What her green eyes beheld had stolen her breath at the start. It resembled the broken, twisted landscape of the Netherworld -- a place where physical law and sense mattered not in the least. One place could be just as connected to another one moment, and yet another the next. What need did a spiritual realm have with fixed points in space? And yet, Vytal found herself staring at a metaphysical map of the galaxy with similar hallmarks. Not nearly as replete, but the divisions and stitching was all there.

How had something like this gotten by them all? She was under no delusion to be the only one that sought to protect the Material from threats others refused to believe existed. Had none of them seen this coming? Then could the threat had emerged from within the Material itself, or at least been so old none of them had come upon it?

There was still time. Time enough to prevent the dissolution of the bonds that held everything together. But first they would need to locate the source... No, first she should find out if someone already had.

Her fingers rolled shut and the flame was extinguished. That this world sought to extinguish her life so easily did not distract from the sense of another that drew near. There was even a time she would have waited for them to come to her; to climb the mountainside or scale the broken paths. There wasn't time for that, however, and this one felt familiar.

Vytal stepped off the ledge and plummeted toward the ground below. A small whirlwind of green flared into being as she approached her doom; its current swept about her body, embracing her, and arrested her descent.
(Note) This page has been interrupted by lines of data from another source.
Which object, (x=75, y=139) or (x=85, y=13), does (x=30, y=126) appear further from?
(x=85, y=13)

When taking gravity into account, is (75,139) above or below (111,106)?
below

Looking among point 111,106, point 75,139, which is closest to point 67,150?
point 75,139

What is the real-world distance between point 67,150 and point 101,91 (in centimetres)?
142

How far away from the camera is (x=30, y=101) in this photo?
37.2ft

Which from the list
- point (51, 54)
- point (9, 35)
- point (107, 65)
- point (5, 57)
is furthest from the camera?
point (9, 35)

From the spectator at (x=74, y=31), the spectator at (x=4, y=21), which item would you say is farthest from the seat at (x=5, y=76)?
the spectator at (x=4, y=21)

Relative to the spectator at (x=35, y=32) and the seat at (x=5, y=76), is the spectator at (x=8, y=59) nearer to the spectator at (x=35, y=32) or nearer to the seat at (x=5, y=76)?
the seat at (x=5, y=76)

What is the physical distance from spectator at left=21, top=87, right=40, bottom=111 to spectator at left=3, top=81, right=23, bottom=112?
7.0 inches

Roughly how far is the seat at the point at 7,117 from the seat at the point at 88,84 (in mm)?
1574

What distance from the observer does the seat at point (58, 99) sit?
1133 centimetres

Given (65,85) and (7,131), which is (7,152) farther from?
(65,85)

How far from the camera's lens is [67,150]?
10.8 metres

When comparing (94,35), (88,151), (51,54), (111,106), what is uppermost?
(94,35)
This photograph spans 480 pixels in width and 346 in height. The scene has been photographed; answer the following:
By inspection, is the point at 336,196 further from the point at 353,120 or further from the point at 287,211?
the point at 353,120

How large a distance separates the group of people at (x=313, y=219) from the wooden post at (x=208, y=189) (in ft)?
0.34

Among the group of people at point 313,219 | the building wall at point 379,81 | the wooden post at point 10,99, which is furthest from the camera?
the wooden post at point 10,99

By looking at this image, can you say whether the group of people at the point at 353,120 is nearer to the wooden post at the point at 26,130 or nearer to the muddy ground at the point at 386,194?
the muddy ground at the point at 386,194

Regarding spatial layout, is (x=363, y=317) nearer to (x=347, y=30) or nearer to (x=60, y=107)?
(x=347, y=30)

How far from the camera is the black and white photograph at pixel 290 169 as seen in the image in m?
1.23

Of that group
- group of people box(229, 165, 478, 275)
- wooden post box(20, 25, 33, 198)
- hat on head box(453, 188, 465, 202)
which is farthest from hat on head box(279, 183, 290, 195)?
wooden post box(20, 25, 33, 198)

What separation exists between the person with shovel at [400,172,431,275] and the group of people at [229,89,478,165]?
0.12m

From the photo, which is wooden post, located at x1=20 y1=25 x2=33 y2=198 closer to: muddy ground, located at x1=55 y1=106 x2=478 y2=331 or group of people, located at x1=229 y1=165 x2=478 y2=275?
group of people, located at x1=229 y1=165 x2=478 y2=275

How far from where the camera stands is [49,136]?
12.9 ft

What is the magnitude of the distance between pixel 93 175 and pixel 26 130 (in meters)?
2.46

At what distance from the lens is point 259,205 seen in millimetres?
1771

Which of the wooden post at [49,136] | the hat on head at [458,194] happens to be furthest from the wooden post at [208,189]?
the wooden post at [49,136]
Her boot stepped forward as if she'd nearly stepped down from a curb.

"I see you, Sister," she called out. "Tis a strange realm we find ourselves."


 


Sabine watched as the familiar flare of green flame spiraled downward, softening the descent of a figure she had known across centuries. Her stance remained poised, but the sharpness in her amber gaze softened beneath the shadow of her hood. When Vytal's boots touched the cracked stone, Sabine stepped forward, the whisper of her robes barely audible beneath the weight of Malachor's oppressive silence.


"Vytal," she greeted, her tone smooth but touched with rare warmth, the slightest nod given in respect. "It seems the force has seen fit to bring us together again." She let her gaze drift briefly to the remnants of the green mist still curling around her friend's form, a familiar signature of the Nightsister's craft. The dark energy of this place recoiled against it, but Sabine could feel how they intertwined all the same.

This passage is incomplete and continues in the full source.